When discussing whether or not Japan should join the TPP, it is important to also consider the political and social implications of the TPP in the Asia-Pacific region. Although the TPP is primarily a framework for economic partnership agreements (EPAs), it will also have a major impact politically and diplomatically.
In addition to the TPP, other free trade agreement frameworks being pursued in the Asia-Pacific region include "ASEAN+3," which includes the 10 ASEAN countries, Japan, China, and South Korea, and "ASEAN+6," which adds Australia, New Zealand, and India (Figure 3).
From an economic perspective, one of the criteria for Japan to consider when deciding which of these three frameworks to prioritize is "how much GDP will increase as a result of membership." According to estimates released by the Japanese government prior to deciding to negotiate TPP membership, it is expected to gain "4 trillion yen from ASEAN+3," "5 trillion yen from ASEAN+6," and "3 trillion yen from the TPP." From this alone, it would seem that ASEAN+6 is the option Japan should choose, but there is hope within the Japanese government that the outcome of the TPP negotiations will have a positive impact on the course of the other two negotiations.
Now let's look at these three frameworks from the perspective of which countries are participating and which countries are leading the discussions. The central country in ASEAN+3 and ASEAN+6 is China, whose market is expected to continue to expand, and the United States is not participating in the negotiations. On the other hand, the TPP is led by the United States, and China is not participating.

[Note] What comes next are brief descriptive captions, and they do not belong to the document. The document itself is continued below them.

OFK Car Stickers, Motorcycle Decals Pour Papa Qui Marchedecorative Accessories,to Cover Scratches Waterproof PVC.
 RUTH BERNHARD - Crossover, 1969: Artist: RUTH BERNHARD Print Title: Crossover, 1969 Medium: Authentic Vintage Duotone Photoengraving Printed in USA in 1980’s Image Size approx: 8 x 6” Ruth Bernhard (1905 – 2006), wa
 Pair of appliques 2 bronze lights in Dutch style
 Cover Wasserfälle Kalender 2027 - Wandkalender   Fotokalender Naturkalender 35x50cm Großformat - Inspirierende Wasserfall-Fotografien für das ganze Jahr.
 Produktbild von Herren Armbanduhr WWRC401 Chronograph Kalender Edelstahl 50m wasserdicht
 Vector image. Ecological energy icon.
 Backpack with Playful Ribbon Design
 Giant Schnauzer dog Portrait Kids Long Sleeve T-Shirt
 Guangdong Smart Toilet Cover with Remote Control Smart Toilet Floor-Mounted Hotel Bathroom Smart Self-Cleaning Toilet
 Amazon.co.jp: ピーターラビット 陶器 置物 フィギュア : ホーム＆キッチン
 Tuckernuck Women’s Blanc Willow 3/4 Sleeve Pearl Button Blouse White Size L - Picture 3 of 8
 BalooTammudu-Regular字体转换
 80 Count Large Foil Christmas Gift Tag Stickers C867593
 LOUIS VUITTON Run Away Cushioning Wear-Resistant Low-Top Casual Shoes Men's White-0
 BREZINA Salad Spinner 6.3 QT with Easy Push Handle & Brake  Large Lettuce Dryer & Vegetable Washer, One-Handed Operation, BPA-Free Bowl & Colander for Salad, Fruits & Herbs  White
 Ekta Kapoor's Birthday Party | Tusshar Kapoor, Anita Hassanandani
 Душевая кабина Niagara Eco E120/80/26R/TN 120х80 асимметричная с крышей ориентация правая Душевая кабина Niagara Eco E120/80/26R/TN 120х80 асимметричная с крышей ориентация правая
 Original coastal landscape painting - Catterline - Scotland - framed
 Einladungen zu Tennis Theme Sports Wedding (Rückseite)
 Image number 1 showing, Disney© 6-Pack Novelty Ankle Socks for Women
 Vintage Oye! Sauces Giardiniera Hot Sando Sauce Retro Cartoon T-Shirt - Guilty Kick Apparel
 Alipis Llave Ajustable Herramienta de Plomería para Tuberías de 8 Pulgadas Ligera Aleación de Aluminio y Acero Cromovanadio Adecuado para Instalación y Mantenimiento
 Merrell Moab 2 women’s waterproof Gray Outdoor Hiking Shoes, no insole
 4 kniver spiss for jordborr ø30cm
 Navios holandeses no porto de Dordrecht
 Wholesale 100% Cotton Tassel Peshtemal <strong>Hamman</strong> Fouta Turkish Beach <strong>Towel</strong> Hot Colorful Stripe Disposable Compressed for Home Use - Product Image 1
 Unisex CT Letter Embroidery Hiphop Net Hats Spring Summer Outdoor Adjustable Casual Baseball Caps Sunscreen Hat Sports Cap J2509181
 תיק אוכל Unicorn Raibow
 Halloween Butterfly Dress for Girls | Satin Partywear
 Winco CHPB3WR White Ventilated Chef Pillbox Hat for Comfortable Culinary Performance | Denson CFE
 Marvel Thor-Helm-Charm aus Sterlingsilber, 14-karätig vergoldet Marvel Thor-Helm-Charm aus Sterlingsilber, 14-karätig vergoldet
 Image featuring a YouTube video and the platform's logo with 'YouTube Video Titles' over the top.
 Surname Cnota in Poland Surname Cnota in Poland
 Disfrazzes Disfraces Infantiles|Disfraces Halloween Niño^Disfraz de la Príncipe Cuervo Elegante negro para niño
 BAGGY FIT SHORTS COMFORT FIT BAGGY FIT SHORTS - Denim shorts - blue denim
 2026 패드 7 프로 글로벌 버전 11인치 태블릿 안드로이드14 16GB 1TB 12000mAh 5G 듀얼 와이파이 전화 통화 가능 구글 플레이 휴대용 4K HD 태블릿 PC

Which of these three frameworks Japan will prioritize is deeply related to the struggle for leadership in the Asia-Pacific region between the two major powers, the United States and China, and Japan's position within that struggle. For Japan, which is faced with territorial disputes and unprecedented risk factors for national security, it is essential to maintain and strengthen its alliance with the United States. From this perspective, it may be necessary for Japan to join the TPP.
Japan, one of the world's leading economic powers and a self-proclaimed "trade-based nation," has a long history of leading the postwar global free trade system together with the United States and the EU. For Japan to continue to be a key player as it has been until now, I believe that "not joining the TPP" is not an option.
What is particularly important is that the more items are targeted for liberalization and the level of liberalization increases in the TPP negotiations, the more this will serve as a catalyst for further increases in the levels of liberalization in the FTA negotiations currently underway with the EU and the Japan-China-Korea FTA, creating a strategic virtuous cycle.